** Opening SUPPLIED RECORDS block **
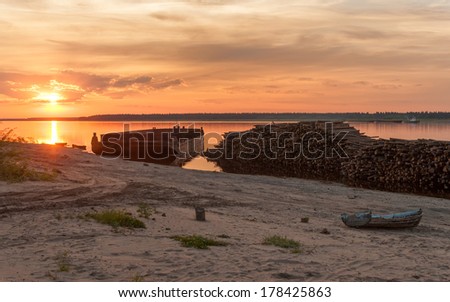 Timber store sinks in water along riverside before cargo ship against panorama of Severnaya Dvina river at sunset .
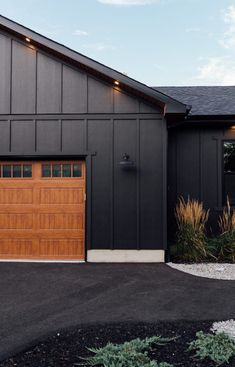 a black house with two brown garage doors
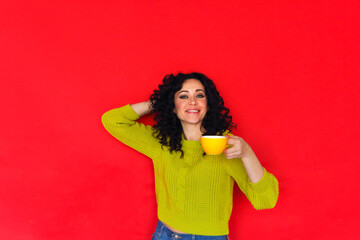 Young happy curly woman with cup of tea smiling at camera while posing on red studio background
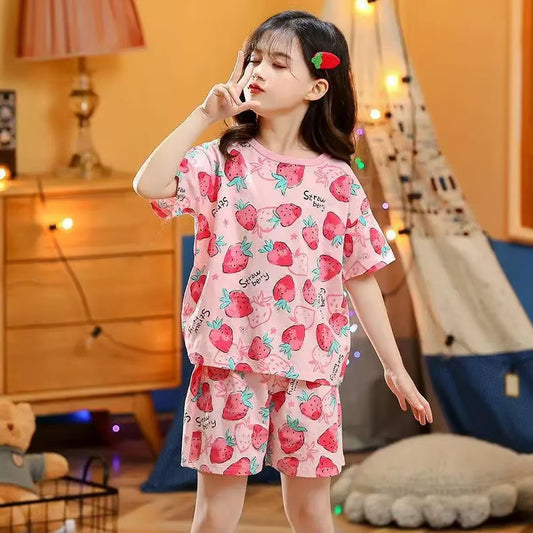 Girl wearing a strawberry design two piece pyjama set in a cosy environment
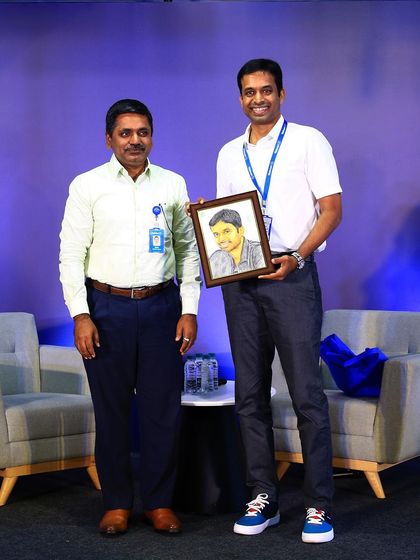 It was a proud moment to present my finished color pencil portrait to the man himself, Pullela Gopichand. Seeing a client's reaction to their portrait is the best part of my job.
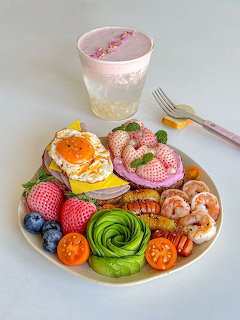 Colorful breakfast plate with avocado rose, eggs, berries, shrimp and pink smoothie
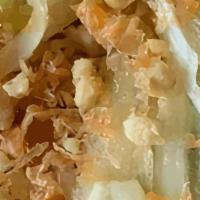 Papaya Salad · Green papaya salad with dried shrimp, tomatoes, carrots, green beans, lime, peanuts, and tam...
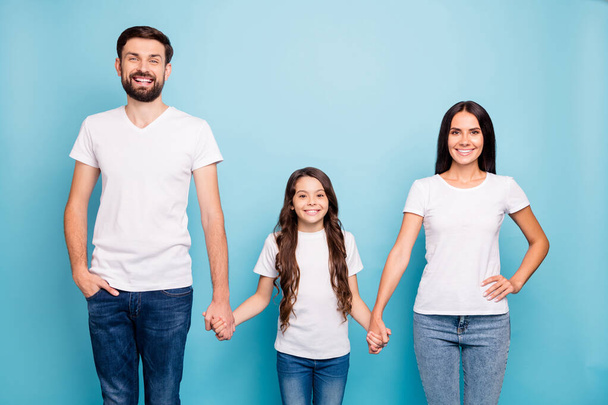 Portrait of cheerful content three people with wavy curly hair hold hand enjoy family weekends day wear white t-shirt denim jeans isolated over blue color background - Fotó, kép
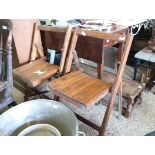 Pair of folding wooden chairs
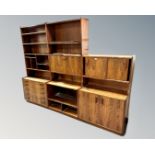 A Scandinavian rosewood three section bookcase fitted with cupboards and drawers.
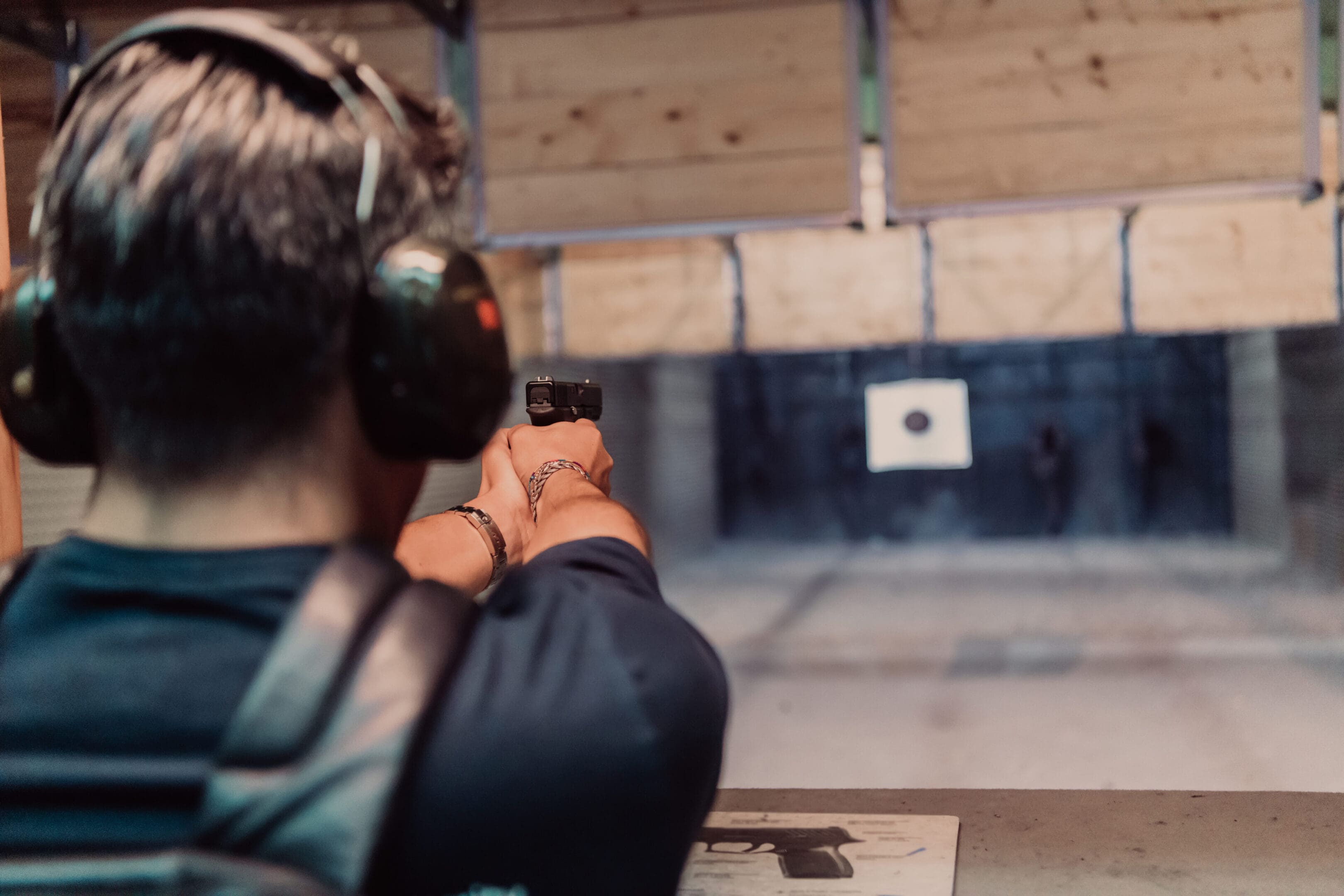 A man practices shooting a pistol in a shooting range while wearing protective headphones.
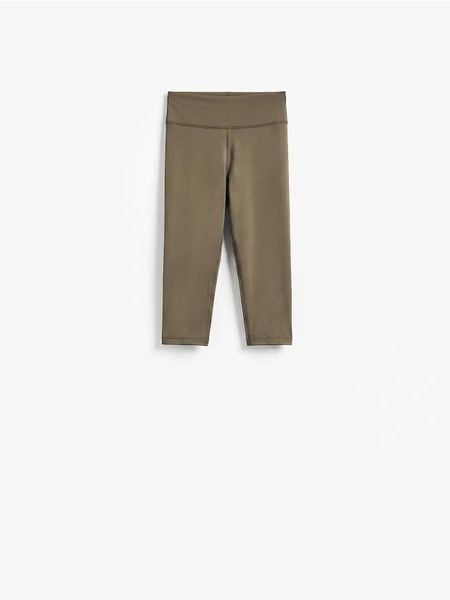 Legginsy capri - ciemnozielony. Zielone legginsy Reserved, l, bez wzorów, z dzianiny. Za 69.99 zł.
** Closing SUPPLIED RECORDS block **
**PROBLEM TO WORK ON**
Nothing but an exact copy is asked for: the lines from the start of the records through the line with "Papaya Salad ·", both ends included, minus any pictures.

**RESULT OF THE TASK**
 Timber store sinks in water along riverside before cargo ship against panorama of Severnaya Dvina river at sunset .
 a black house with two brown garage doors
 Young happy curly woman with cup of tea smiling at camera while posing on red studio background
 Girl wearing a strawberry design two piece pyjama set in a cosy environment
 It was a proud moment to present my finished color pencil portrait to the man himself, Pullela Gopichand. Seeing a client's reaction to their portrait is the best part of my job.
 Colorful breakfast plate with avocado rose, eggs, berries, shrimp and pink smoothie
 Papaya Salad · Green papaya salad with dried shrimp, tomatoes, carrots, green beans, lime, peanuts, and tam...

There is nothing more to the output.